From the material below, copy exactly the lines beginning with the one that contains "Recombinant Human ANXA2 Protein" and ending with the one that contains "Posterioranterior chest radiograph"; the pictures stay out.

*Extracted material*.
-.-.-

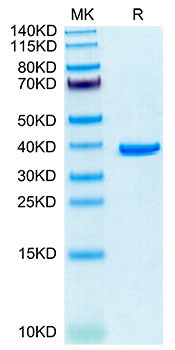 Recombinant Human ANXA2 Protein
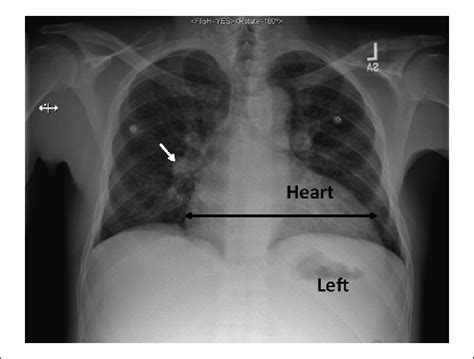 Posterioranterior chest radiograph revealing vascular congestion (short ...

-.-.-

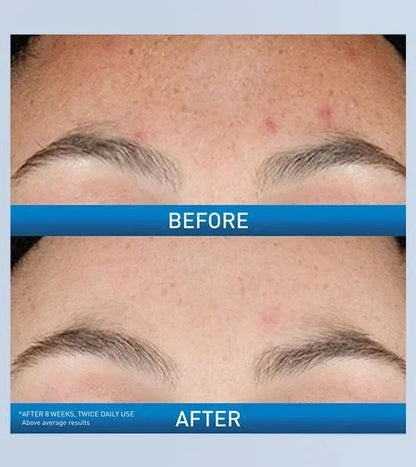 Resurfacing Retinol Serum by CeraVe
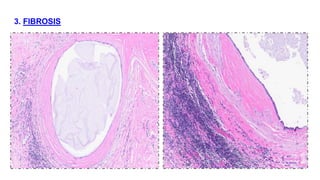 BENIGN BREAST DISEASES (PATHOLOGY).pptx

-.-.-

*Task response*.
 Recombinant Human ANXA2 Protein
 Posterioranterior chest radiograph revealing vascular congestion (short ...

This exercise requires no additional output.